Problem statement
Return exactly the span of lines in the following data that opens with the line containing "Then it will start a" and closes with the line containing "And then we". Include nothing else.

Provided material
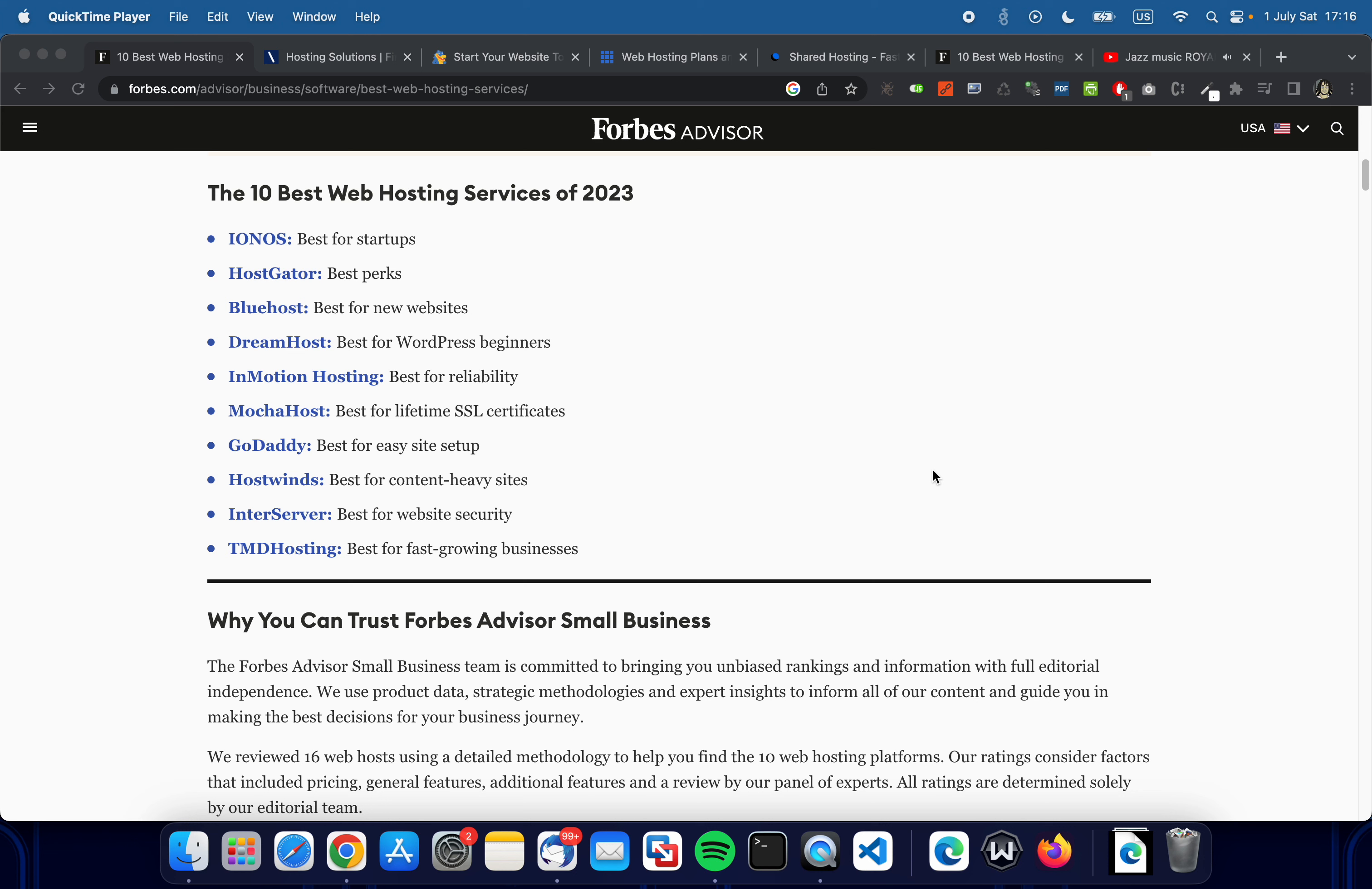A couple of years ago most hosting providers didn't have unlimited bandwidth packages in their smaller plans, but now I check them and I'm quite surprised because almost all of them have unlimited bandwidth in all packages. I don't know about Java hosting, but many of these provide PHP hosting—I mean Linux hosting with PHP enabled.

...

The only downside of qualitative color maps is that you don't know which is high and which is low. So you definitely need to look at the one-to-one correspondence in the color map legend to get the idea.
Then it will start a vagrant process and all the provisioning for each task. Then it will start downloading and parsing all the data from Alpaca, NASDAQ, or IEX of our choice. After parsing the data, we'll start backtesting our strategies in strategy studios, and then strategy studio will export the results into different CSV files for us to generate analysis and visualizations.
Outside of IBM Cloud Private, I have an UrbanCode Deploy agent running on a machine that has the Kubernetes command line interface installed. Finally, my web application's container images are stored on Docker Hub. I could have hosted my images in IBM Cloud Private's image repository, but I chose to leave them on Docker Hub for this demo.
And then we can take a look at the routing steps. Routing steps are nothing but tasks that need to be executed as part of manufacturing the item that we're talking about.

* * *

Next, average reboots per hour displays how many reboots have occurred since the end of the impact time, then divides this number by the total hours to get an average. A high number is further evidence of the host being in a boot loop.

Answer section
Then it will start a vagrant process and all the provisioning for each task. Then it will start downloading and parsing all the data from Alpaca, NASDAQ, or IEX of our choice. After parsing the data, we'll start backtesting our strategies in strategy studios, and then strategy studio will export the results into different CSV files for us to generate analysis and visualizations.
Outside of IBM Cloud Private, I have an UrbanCode Deploy agent running on a machine that has the Kubernetes command line interface installed. Finally, my web application's container images are stored on Docker Hub. I could have hosted my images in IBM Cloud Private's image repository, but I chose to leave them on Docker Hub for this demo.
And then we can take a look at the routing steps. Routing steps are nothing but tasks that need to be executed as part of manufacturing the item that we're talking about.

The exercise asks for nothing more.